TO DO:
Restate the listing below exactly, images excluded.

[DATASET CONTENT Boundary: Start]

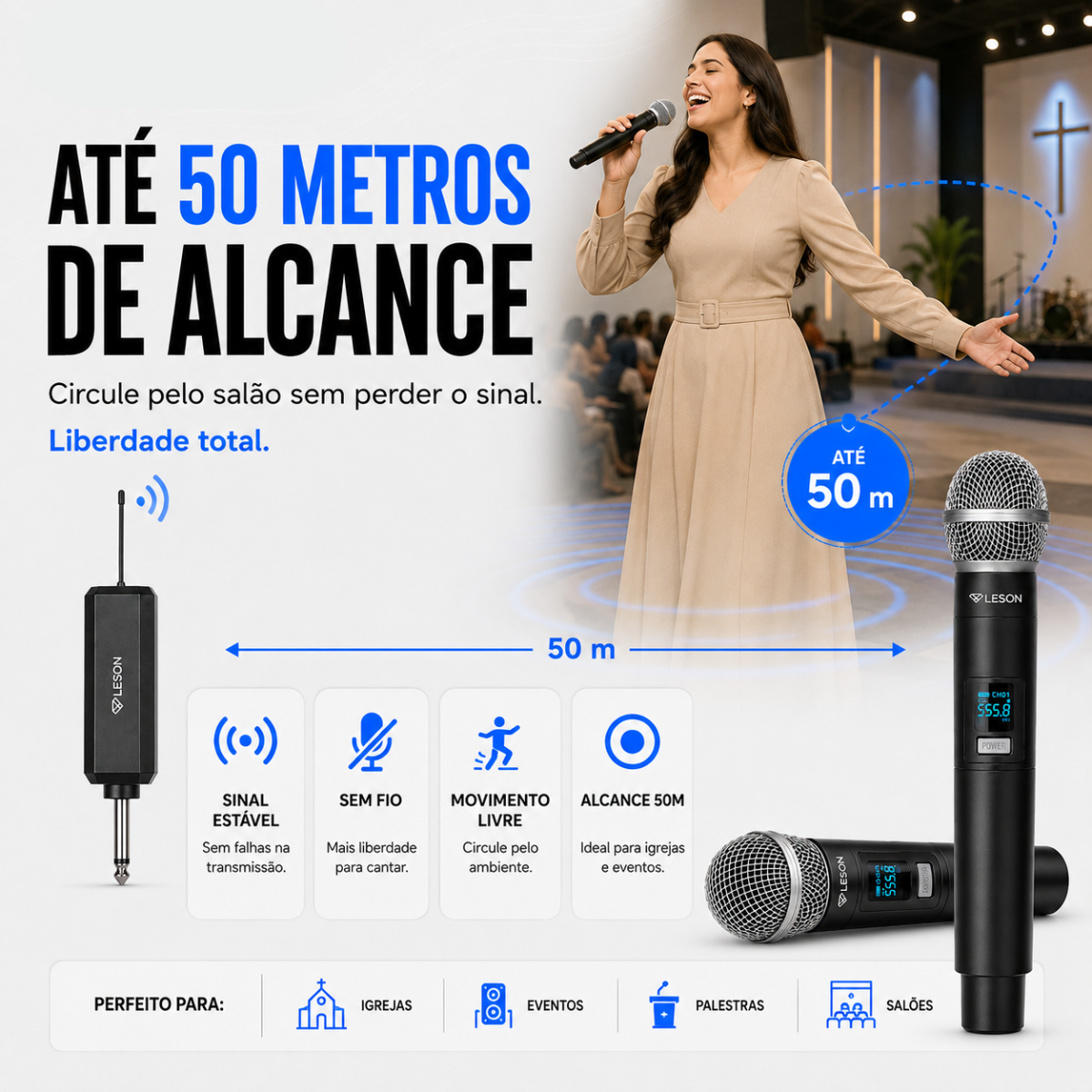 Microfone Sem Fio Duplo Leson Gx-02c Recarregável Maleta - Imagem 7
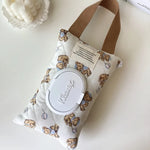 Korean Quilted Tissue Pouch Bear Car Organizer Balloon Wipes Case Ins Style Hanging Dispenser Stroll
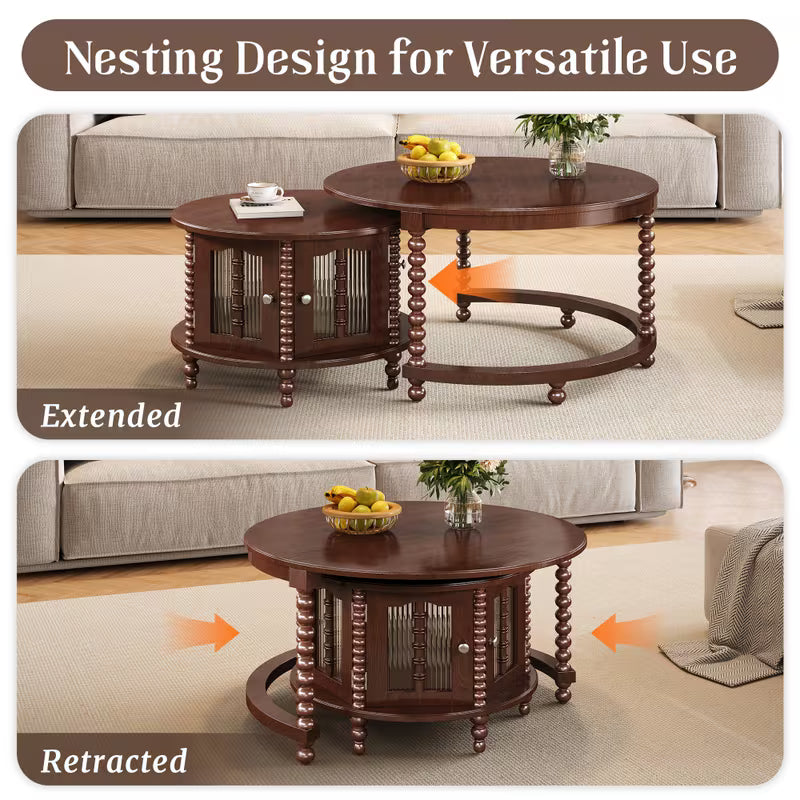 Vintage Round Nesting Coffee Table, Six Bamboo-Shaped, Glass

[DATASET CONTENT Boundary: End]

ANSWER TO THE EXERCISE:
 Microfone Sem Fio Duplo Leson Gx-02c Recarregável Maleta - Imagem 7
 Korean Quilted Tissue Pouch Bear Car Organizer Balloon Wipes Case Ins Style Hanging Dispenser Stroll
 Vintage Round Nesting Coffee Table, Six Bamboo-Shaped, Glass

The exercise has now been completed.